Ryby przypłynęły z Bałtyku na tarło. Rybacy mogą w tym sezonie odłowić 3,4 tysiąca ton śledzi, co jest większą liczbą niż w poprzednich latach.
Piotr Kasza z Lokalnej Grupy Rybackiej „Zalew Wiślany” mówi, że poniedziałkowy połów jest obfity, a złowione śledzie mają znaczne rozmiary, informuje PortalMorski.pl. – Jeśli pogoda się utrzyma i nie będzie wiosennych sztormów, które rozbiją ławice, to powinniśmy szybko wykorzystać kwotę połowową przeznaczoną na zalew – stwierdził Kasza.
WYKORZYSTANY LIMIT
Limit połowu śledzi dla Zalewu Wiślanego wynosi 3 396 ton. To ponad 250 ton więcej niż w ubiegłym roku. Limity zwiększają się z roku na rok, a rybacy niemal zawsze w pełni je wykorzystują. Jak informuje PortalMorski.pl, na coraz lepsze wyniki połowów wpływa nowoczesny sprzęt, który rybacy kupili za unijne dotacje. Dzięki specjalistycznym pompom skrócił się czas przeładunku ryb w porcie. Wcześniej rybacy musieli przenosić je z łodzi na brzeg.
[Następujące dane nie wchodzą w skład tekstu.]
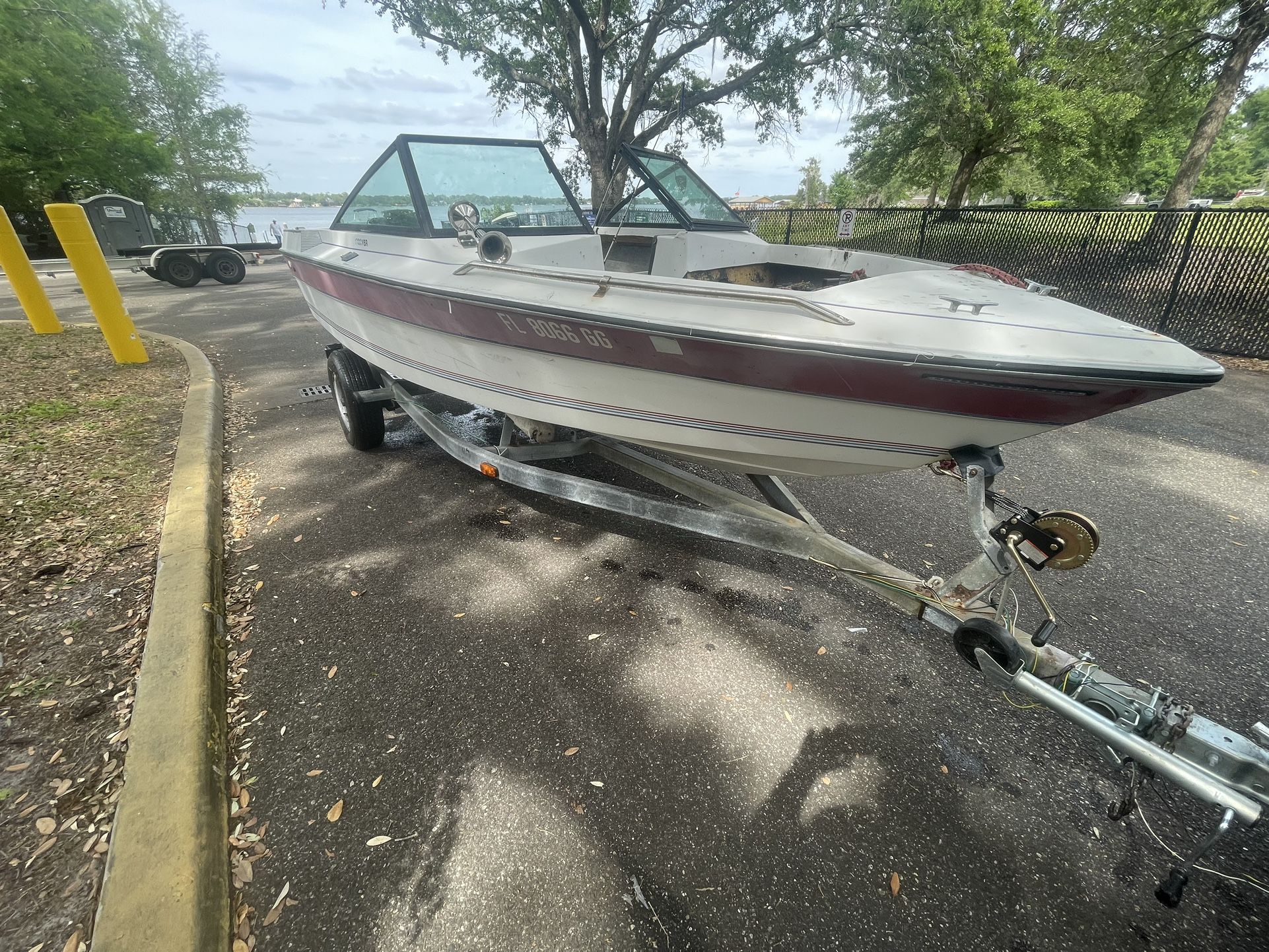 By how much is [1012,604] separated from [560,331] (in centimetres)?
223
Sezon rozpoczął się wcześniej niż zwykle ze względu na łagodną zimę. Zwykle Zalew Wiślany był zamarznięty nawet do połowy marca. To uniemożliwiało rybakom wypłynięcie. Pokrywa lodowa stwarzała niebezpieczeństwo uszkodzenia sprzętu.
Ławice śledzi występują tam przez ok. miesiąc, ale przy dobrej pogodzie rybacy powinni wyczerpać przyznane im kwoty połowowe w ciągu 2-3 tygodni – czytamy na Portalu Morskim.
GŁÓWNE ŹRÓDŁO DOCHODÓW
Rekordziści potrafią wyłowić i przewieźć jedną łodzią na brzeg nawet ponad 20 ton śledzi w ciągu doby. W tym roku hurtowa cena śledzi wynosi 1,2-1,5 zł za kg. PortalMorski.pl zauważa, że w portach w Tolkmicku, Fromborku czy Nowej Pasłęce śledzie można kupić prosto z burty. Zdarza się, że amatorzy takich zakupów biorą nawet po 30-50 kg świeżych ryb.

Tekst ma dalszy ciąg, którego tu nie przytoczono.